» Activity:
Skip the pictures. Copy all the rest of the records down exactly.

» Provided entries:
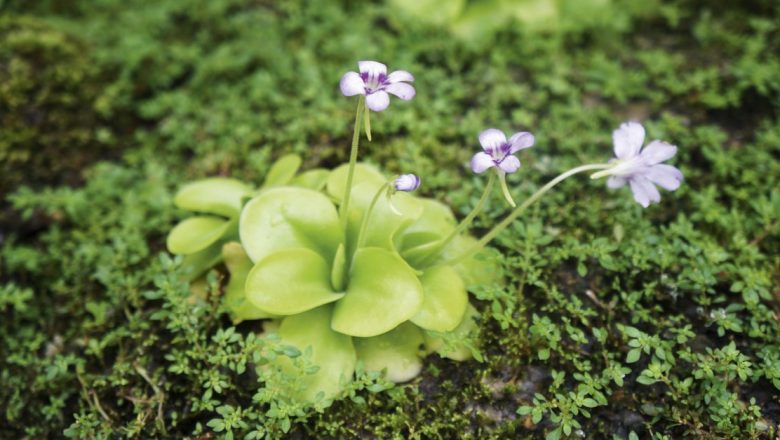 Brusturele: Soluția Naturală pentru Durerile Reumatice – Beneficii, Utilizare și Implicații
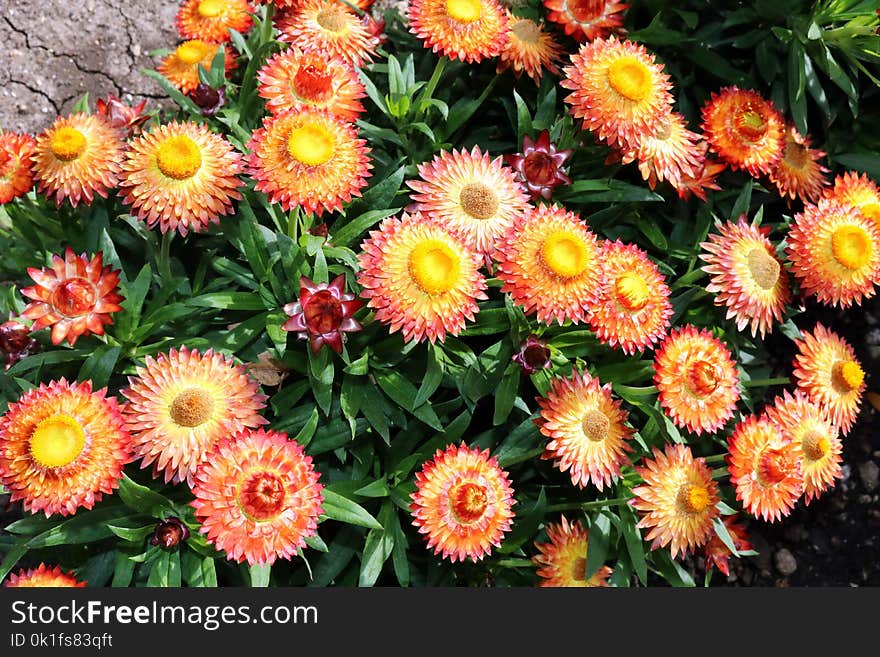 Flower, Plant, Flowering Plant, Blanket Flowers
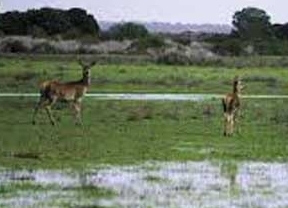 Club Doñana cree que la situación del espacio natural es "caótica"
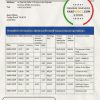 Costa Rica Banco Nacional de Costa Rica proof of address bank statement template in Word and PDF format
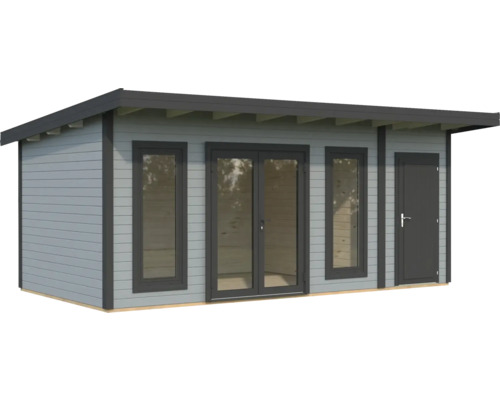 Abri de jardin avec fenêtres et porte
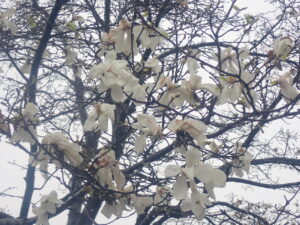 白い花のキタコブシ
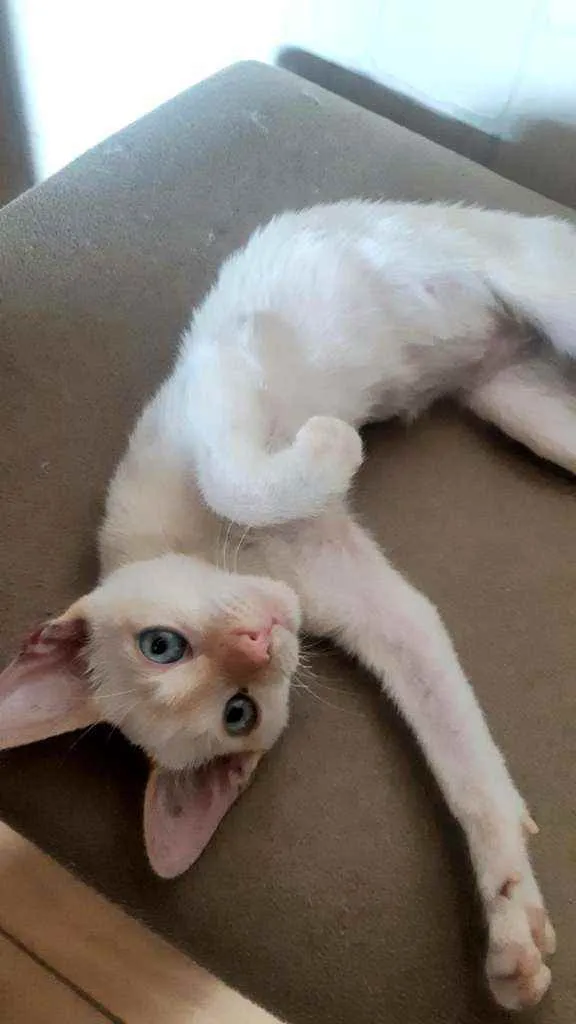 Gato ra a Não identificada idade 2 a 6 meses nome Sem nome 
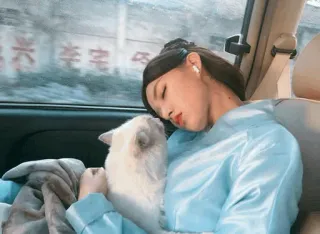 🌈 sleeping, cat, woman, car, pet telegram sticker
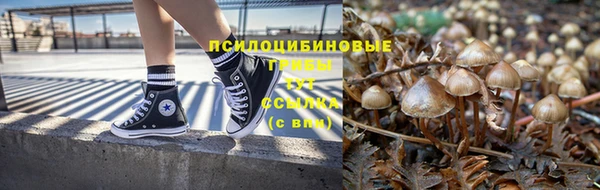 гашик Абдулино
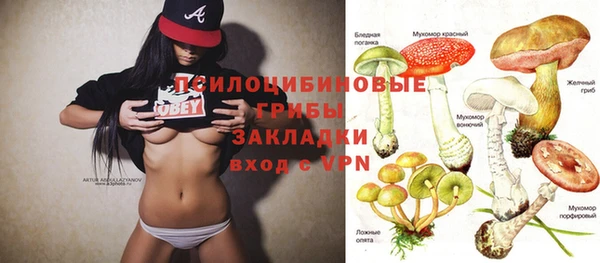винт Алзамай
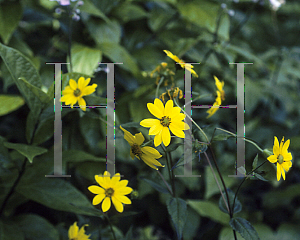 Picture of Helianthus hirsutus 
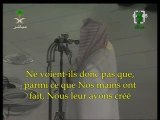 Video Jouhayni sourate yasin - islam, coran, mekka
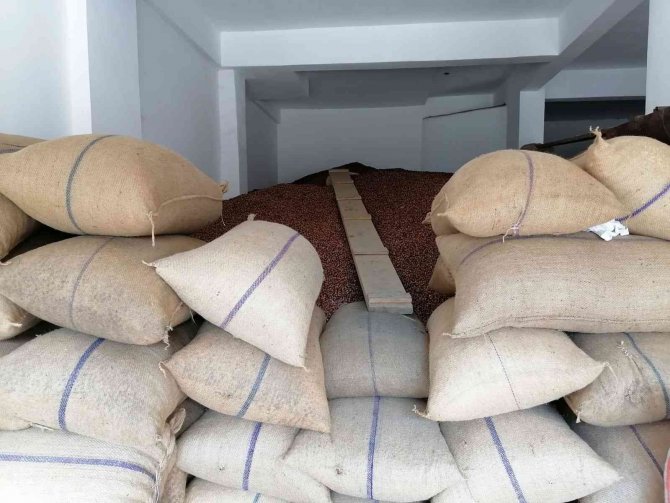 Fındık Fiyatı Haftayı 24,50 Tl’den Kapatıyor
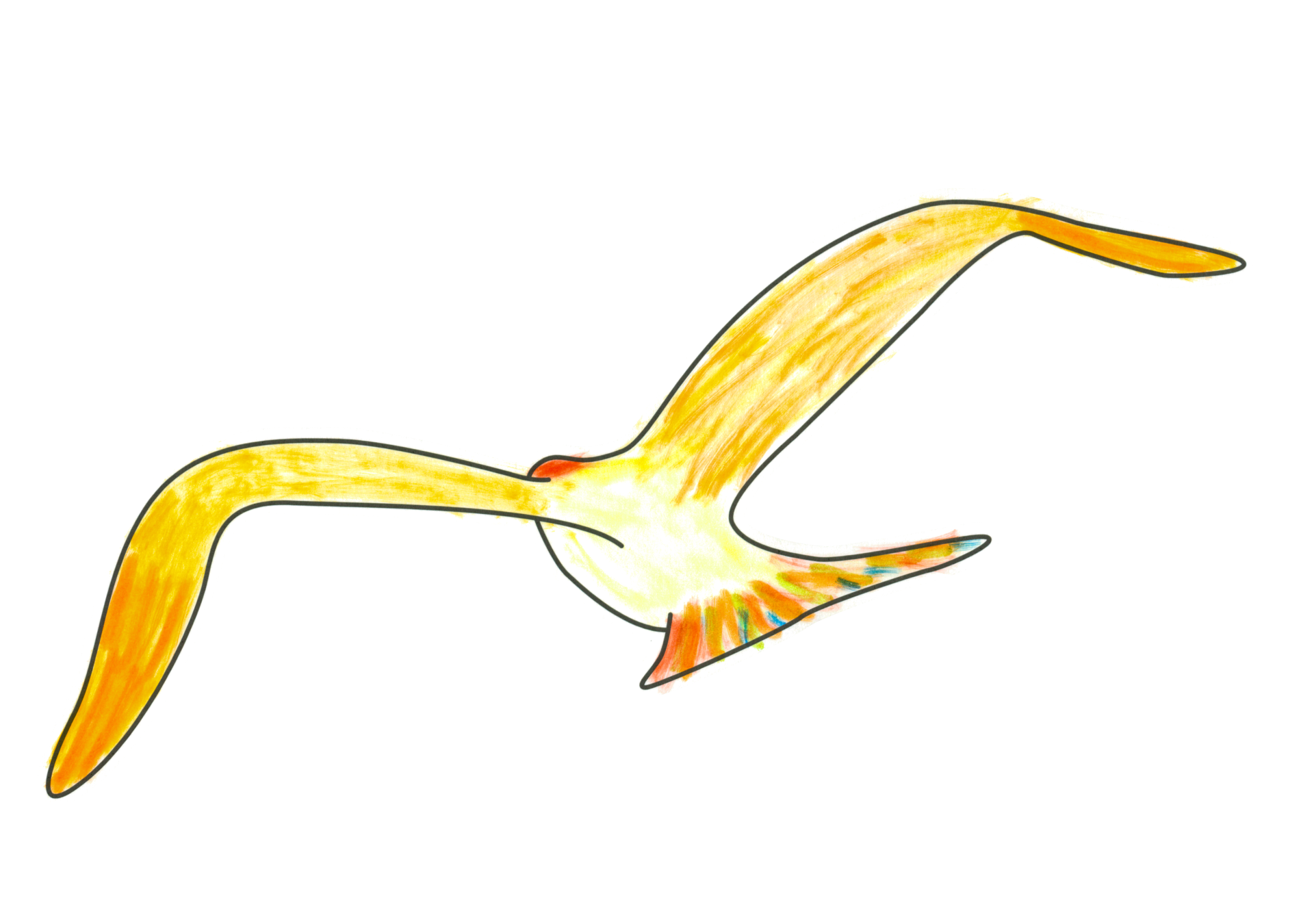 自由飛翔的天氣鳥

» Output for this task:
 Brusturele: Soluția Naturală pentru Durerile Reumatice – Beneficii, Utilizare și Implicații
 Flower, Plant, Flowering Plant, Blanket Flowers
 Club Doñana cree que la situación del espacio natural es "caótica"
 Costa Rica Banco Nacional de Costa Rica proof of address bank statement template in Word and PDF format
 Abri de jardin avec fenêtres et porte
 白い花のキタコブシ
 Gato ra a Não identificada idade 2 a 6 meses nome Sem nome 
 🌈 sleeping, cat, woman, car, pet telegram sticker
 гашик Абдулино
винт Алзамай
 Picture of Helianthus hirsutus 
 Video Jouhayni sourate yasin - islam, coran, mekka
 Fındık Fiyatı Haftayı 24,50 Tl’den Kapatıyor
 自由飛翔的天氣鳥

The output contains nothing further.